=== Information provided ===
== Segment start ==

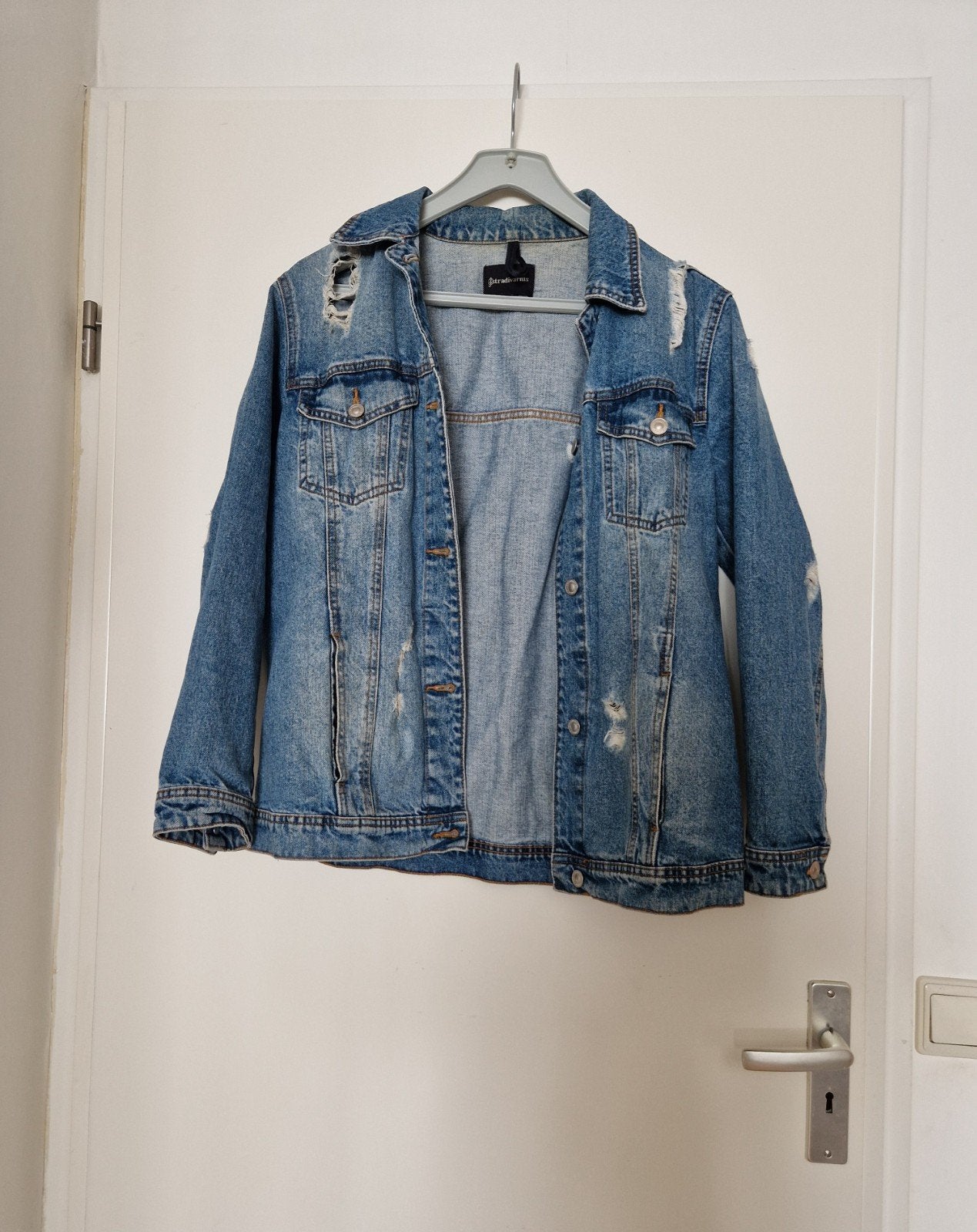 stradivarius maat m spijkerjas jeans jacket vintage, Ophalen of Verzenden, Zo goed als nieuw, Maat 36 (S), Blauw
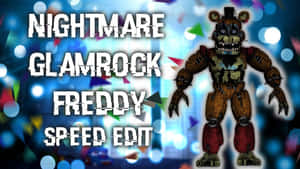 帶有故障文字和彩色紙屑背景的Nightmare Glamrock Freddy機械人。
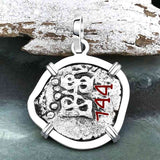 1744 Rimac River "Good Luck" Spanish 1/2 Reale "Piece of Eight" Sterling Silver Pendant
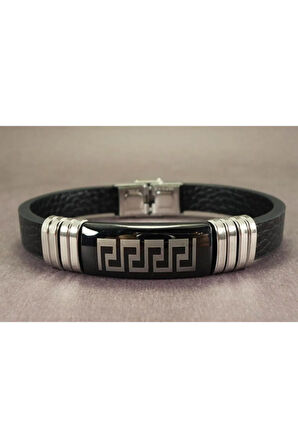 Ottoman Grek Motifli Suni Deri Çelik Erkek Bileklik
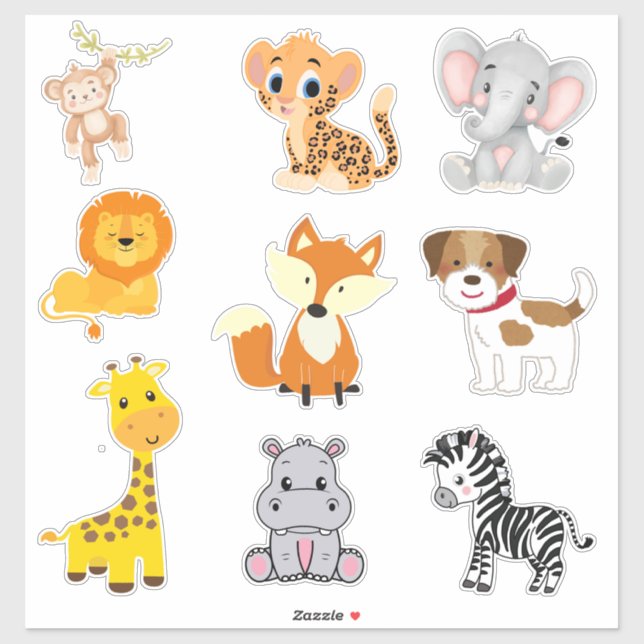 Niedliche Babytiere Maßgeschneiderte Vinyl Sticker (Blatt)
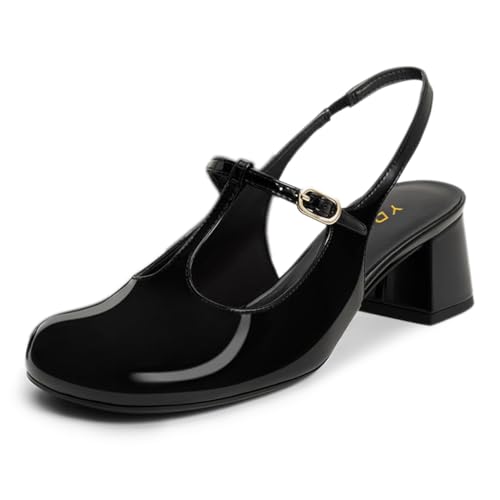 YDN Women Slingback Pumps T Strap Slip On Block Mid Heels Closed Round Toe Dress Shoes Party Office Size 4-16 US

== Segment end ==
== Segment start ==

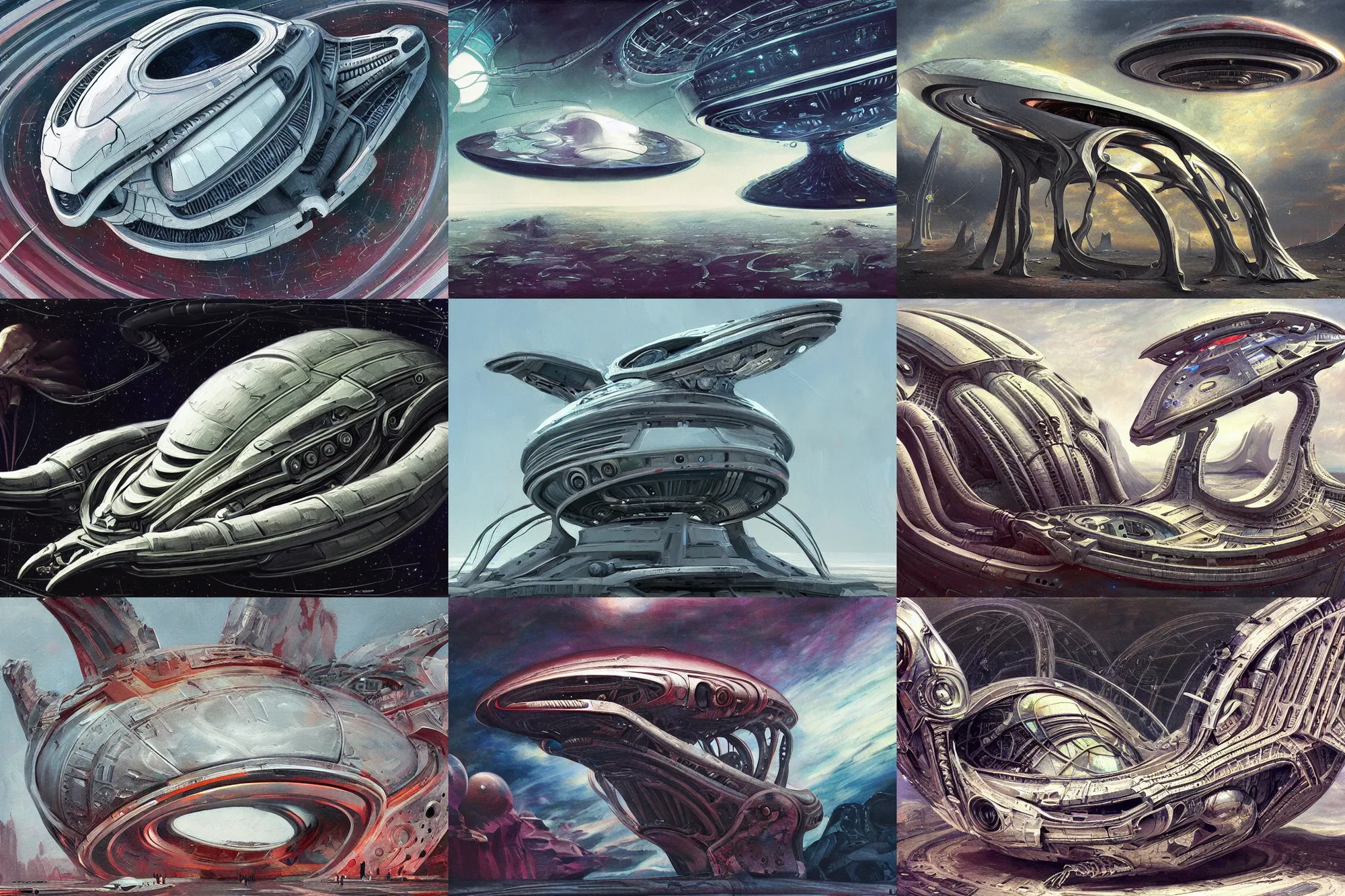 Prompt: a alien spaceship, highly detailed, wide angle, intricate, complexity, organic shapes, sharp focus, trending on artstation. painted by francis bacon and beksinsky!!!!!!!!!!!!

== Segment end ==

Reproduce exactly the lines of the data above that run from the line with "stradivarius maat m" down to the line with "YDN Women Slingback", both ends included. Pictures do not belong in the copy.

 stradivarius maat m spijkerjas jeans jacket vintage, Ophalen of Verzenden, Zo goed als nieuw, Maat 36 (S), Blauw
 帶有故障文字和彩色紙屑背景的Nightmare Glamrock Freddy機械人。
 1744 Rimac River "Good Luck" Spanish 1/2 Reale "Piece of Eight" Sterling Silver Pendant
 Ottoman Grek Motifli Suni Deri Çelik Erkek Bileklik
 Niedliche Babytiere Maßgeschneiderte Vinyl Sticker (Blatt)
 YDN Women Slingback Pumps T Strap Slip On Block Mid Heels Closed Round Toe Dress Shoes Party Office Size 4-16 US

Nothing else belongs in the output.